Swimming in Babylon: Why We Can't See the Systems That Control Us
I am very much the product of my parents, and I wouldn't have it any other way. Sunday mornings in our house meant gospel music filling the kitchen while my mother called us to get ready for church. We'd sing together as we made corned beef hash from a can and scrambled eggs—simple food made sacred by her voice and the music that seemed to pour from her very soul. It was my mother who led us through Bible study on Saturday mornings during the summer, her vast collection of commentaries and religious books showing me early on that faith and scholarship weren't enemies but dance partners.
My father shared my mother's conviction that Christian faith should be our family's foundation, but he brought something else to our dinner table: a keen political analysis that refused to let us forget the realities of race and class in America. He was the one who would turn the dial away from my mother's gospel music toward NPR, making sure we stayed current with international politics.

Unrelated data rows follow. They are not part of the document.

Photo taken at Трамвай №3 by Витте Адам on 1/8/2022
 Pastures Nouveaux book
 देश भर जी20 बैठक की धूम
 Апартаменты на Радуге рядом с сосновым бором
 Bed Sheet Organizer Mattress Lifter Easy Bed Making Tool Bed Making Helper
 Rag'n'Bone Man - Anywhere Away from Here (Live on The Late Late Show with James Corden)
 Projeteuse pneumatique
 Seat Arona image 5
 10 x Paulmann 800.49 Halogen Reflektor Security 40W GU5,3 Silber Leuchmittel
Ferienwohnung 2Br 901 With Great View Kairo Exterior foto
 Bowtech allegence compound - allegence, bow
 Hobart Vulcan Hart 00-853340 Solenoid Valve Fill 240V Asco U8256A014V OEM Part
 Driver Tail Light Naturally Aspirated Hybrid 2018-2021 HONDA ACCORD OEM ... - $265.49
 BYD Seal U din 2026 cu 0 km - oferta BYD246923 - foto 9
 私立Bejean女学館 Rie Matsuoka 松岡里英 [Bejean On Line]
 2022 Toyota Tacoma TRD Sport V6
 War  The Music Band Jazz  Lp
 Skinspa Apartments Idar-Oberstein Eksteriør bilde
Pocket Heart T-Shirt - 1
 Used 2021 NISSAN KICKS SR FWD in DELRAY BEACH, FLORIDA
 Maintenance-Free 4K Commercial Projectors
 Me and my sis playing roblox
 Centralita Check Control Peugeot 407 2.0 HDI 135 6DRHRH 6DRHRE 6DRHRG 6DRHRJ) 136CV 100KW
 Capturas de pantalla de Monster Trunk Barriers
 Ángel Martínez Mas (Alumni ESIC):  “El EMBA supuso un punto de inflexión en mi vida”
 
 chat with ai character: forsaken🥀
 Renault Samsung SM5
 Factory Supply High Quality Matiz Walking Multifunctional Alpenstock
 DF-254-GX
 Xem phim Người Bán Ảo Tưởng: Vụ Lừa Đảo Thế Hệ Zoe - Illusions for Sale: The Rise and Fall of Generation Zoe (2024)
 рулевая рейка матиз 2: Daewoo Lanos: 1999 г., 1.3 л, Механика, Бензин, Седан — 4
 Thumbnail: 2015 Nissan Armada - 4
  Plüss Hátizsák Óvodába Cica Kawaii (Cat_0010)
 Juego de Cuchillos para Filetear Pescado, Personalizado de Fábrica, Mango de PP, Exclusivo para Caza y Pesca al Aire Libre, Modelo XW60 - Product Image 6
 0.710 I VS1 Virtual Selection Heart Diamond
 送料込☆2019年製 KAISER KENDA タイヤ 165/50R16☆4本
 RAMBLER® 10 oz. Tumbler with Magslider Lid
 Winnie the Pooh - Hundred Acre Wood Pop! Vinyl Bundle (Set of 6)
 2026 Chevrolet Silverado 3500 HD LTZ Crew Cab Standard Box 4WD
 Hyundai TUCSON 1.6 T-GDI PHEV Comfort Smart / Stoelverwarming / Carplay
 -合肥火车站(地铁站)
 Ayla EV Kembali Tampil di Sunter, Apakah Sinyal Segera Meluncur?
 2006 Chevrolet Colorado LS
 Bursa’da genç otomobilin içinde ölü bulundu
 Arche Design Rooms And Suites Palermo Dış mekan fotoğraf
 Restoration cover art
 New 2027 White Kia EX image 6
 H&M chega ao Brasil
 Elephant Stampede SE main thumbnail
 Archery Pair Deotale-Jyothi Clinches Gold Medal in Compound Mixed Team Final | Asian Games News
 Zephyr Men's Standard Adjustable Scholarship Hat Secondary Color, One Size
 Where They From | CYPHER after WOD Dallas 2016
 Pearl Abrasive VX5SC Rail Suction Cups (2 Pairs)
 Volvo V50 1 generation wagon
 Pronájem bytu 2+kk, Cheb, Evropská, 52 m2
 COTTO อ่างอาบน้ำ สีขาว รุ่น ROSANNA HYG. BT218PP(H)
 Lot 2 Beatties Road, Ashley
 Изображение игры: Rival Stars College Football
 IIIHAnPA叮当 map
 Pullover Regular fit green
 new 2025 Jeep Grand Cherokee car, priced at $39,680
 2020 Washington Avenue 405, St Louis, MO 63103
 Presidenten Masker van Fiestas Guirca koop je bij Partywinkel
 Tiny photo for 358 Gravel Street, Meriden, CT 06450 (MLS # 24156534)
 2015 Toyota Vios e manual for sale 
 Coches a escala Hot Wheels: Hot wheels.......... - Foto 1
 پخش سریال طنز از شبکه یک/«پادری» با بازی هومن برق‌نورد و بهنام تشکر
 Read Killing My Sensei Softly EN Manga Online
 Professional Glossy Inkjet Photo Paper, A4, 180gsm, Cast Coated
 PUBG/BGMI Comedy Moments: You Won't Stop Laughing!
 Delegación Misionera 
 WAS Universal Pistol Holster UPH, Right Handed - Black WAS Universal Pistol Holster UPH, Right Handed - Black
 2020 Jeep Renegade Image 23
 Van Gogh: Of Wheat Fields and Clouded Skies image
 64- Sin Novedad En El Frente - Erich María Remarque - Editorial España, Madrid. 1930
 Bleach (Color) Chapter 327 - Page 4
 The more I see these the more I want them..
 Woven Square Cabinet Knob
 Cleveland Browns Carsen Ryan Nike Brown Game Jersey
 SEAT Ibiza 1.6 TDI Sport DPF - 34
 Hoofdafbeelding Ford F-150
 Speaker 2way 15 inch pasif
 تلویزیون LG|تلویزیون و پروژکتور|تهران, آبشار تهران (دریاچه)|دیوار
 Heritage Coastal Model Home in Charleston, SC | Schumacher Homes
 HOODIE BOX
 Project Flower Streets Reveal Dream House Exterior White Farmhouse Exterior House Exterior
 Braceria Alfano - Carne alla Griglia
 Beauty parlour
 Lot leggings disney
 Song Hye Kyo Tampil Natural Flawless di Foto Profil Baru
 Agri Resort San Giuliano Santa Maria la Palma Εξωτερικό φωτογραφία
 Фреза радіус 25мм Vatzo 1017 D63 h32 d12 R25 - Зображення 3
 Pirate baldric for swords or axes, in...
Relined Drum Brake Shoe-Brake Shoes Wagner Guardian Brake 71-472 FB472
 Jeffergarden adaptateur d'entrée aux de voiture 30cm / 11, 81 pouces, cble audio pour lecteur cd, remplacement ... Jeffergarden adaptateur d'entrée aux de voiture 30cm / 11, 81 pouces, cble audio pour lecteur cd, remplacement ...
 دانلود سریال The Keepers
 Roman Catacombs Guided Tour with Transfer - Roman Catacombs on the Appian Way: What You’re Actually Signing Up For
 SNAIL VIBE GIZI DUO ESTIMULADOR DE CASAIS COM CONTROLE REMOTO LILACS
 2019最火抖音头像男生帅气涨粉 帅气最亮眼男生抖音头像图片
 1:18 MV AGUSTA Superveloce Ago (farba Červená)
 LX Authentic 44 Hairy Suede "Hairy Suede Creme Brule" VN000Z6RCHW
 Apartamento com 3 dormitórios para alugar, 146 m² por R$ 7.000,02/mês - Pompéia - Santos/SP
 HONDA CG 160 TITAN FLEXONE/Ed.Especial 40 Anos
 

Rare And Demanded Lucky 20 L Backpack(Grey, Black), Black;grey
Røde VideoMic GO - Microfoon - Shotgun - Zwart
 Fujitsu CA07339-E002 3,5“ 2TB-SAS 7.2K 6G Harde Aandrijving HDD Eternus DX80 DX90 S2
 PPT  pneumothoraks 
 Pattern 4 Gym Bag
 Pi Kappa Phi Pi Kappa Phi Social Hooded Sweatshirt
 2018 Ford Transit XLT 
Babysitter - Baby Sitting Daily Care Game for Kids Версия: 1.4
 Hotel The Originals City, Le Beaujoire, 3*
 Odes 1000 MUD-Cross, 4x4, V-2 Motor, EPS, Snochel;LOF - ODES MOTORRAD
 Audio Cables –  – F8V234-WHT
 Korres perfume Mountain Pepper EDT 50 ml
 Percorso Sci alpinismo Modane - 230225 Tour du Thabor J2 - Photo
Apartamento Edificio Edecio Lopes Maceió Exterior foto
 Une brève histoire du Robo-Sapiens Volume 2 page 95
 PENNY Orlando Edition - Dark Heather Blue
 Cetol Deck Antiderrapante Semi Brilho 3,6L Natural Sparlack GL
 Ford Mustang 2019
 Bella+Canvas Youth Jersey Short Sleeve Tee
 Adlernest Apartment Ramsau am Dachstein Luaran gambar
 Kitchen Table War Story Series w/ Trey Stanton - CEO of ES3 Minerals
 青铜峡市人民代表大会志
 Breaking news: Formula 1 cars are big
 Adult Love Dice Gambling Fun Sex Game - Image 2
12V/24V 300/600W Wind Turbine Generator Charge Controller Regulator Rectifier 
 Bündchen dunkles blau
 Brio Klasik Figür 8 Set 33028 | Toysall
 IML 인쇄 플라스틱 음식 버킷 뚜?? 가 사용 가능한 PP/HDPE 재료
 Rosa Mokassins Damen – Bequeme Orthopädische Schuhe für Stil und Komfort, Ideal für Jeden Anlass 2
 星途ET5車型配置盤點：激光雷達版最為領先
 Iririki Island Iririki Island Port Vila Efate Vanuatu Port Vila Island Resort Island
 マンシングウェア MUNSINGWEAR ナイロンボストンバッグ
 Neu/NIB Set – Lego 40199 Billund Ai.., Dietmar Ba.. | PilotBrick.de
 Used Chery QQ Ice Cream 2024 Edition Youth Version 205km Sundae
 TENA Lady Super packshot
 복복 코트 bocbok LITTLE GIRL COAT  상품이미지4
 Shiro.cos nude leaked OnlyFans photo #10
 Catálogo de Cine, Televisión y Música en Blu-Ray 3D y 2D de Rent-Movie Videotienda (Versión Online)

When images of the first intifada crossed our TV screen, it was my father who would lean forward and ask in that voice he used when he wanted to drive home a point: "Now, who has the tanks and who has the rocks?"
As a military veteran who'd been drafted in the 1960s, my father simply could not understand why we as Black people would ever show deference to the symbols of America or celebrate the Fourth of July. To this day, he'll still rail against Independence Day. We never stood for the national anthem in our house—not out of disrespect for the country, but out of a deeper respect for truth.
The Confusion of Familiar Resistance
This upbringing left me genuinely confused when clips emerged of then-candidate Barack Obama's pastor, Reverend Jeremiah Wright, saying "not God bless America, God damn America for killing innocent people. God damn America for treating her citizens as less than human." I couldn't understand why the same kind of critical resistance to American injustice that I'd heard all my life—from my father, in school, in churches—was suddenly so controversial. "The comments struck me as expected resistance from people who had been consigned to the underside of history."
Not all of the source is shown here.